The curse of the computer malfunction...

May 11, 2004 16:31

So my comp. has a virus and I can't get online to type the entries I would like to type. I am in the process of fixing this ghettoness. YEAH I DID IT. sike. Still working. But be prepared cuz Im gonna hit you with a boom of a journal. KABOOM. KABLAM- i miss that show of a show. GREAT. so. people. tight. do you like this. umm thats a question mark. oh but do you like THIS look at me e e e. ew.
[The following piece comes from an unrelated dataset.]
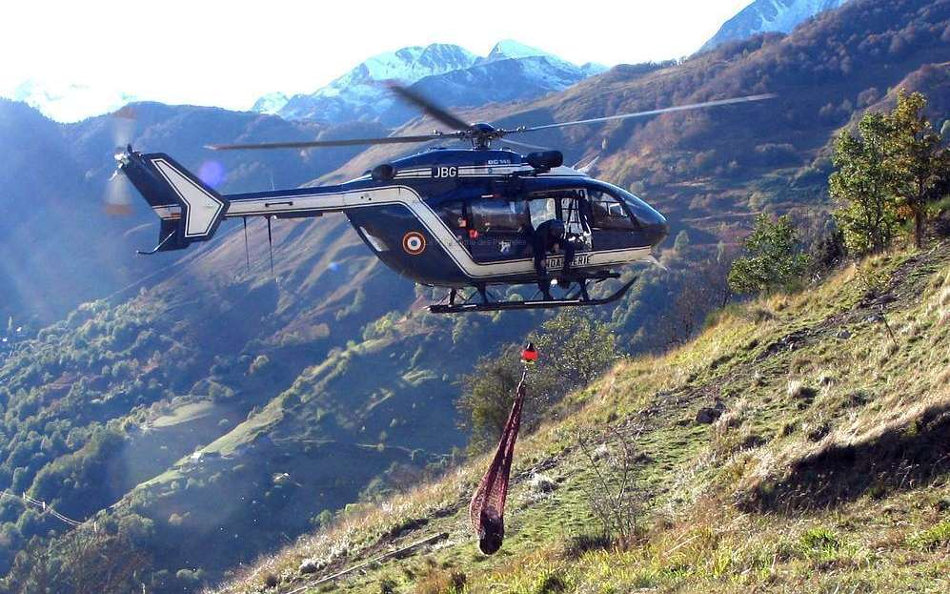 helitreuillage de la depouille de cannelle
SO DAVE> hot as fucking shit but gay as a fucking cunt sometimes. REMEMBER WHEN I COCKBLOCKED. no more talky. SO We got in like 10 fights this weekend about me being jealous of some girl and him getting jealous of FJ and Shannon and Nate. and that was all lame and crap but he did hang out with some other girl friday night because he thought it'd be mean to cancel on her so when he came and saw me that night at like 12.. he was in the worst fucking mood ever and I had to deal with that shit but then we started making out so it was ok. Then Heather pulled up in my driveway so we had to quit. sucks. he had a boner. haha. Oh and we got in a fight sunday night because i said he had a boner and it was small. He was like "would you hate me if it was 3 inches?" and i was like what do you mean, it is. He was like SHUT THE FUCK UP so i hung up on him. and he called me back and was like MY WEINER IS BIG ok! and then he told me this story about how he almost had sex with this girl but couldnt because it hurt her. hahahahaha what a liar. he just couldnt get his dick up. wow this is a dirty paragraph, i should wash it off. anyway. I think i have a text message that says 'i have a huge weiner ok!'. OMG my dad found a condom in my purse. but its not like that. Me, heather, and christi were sitting at starbucks and heather was like "hey jenn pick a color" and she pulled out like 20 condoms that she got free at music midtown so of course i was like OH ORANGE! And that was that, i tucked it away in my purse for a rainy day. Then my mom asked me about it yest. I couldnt help but laugh so I confronted my dad uncomfortably with a grin on my face and said "im not sexually active father dearest". hes like "well *country accent* i dont have that kinda control ovas yous any mo", but i explained the story of how i got it and i think he believed me. WHO GIVES A SHIT. maybe ill just go do the whole town that'll make him happy. maybe ill have a lil dave. with a red trucker hat. Hannah would want to adopt it. and then do it while it wears a bra. FREAK. YEAH. so yesterday, dave came over. we walked to the church parking lot next door and sat on this bench and had sex. well sex to me is making out. hot sex. and then ya know the usual he cried cuz he had to go home and we sexed one more time. he always pops my fingers it hurts. like during sex. no jk but yeah. NEW BELLYBUTTON RING.